■ **DIRECTIONS FOR THIS TASK**
When you restate the records, do so word for word and omit any picture they contain.

(RECORDS FOR THE TASK Opens)

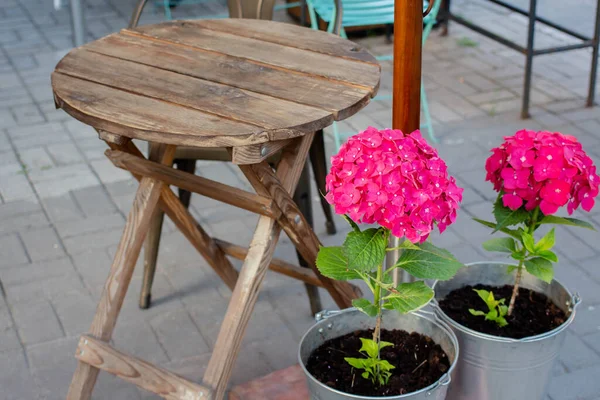 Cafe Table Flowers Wooden Table Colorful Chair Terrace — Photo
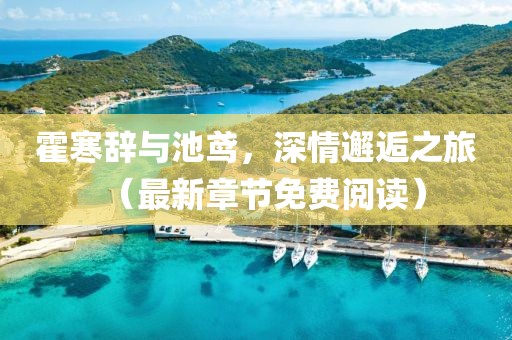 霍寒辭與池鳶，深情邂逅之旅（最新章節(jié)免費(fèi)閱讀）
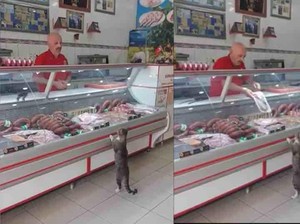 Gaya Hewan Belanja Makanan Sendiri hingga Buah Pencegah Kanker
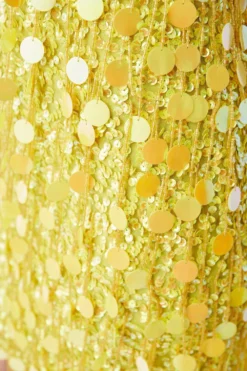 Coast Disc Sequin Halterneck Mini Dress -Coast Shop bcc05822 yellow xl 3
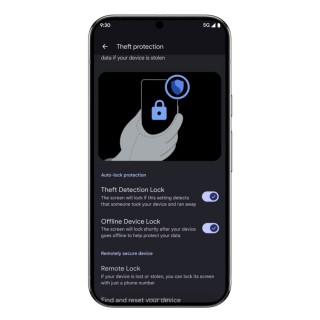 theft detection lock and remote lock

(RECORDS FOR THE TASK Closes)

■ **ANSWER FOR THE TASK**
 Cafe Table Flowers Wooden Table Colorful Chair Terrace — Photo
 霍寒辭與池鳶，深情邂逅之旅（最新章節(jié)免費(fèi)閱讀）
 Gaya Hewan Belanja Makanan Sendiri hingga Buah Pencegah Kanker
 Coast Disc Sequin Halterneck Mini Dress -Coast Shop bcc05822 yellow xl 3
 theft detection lock and remote lock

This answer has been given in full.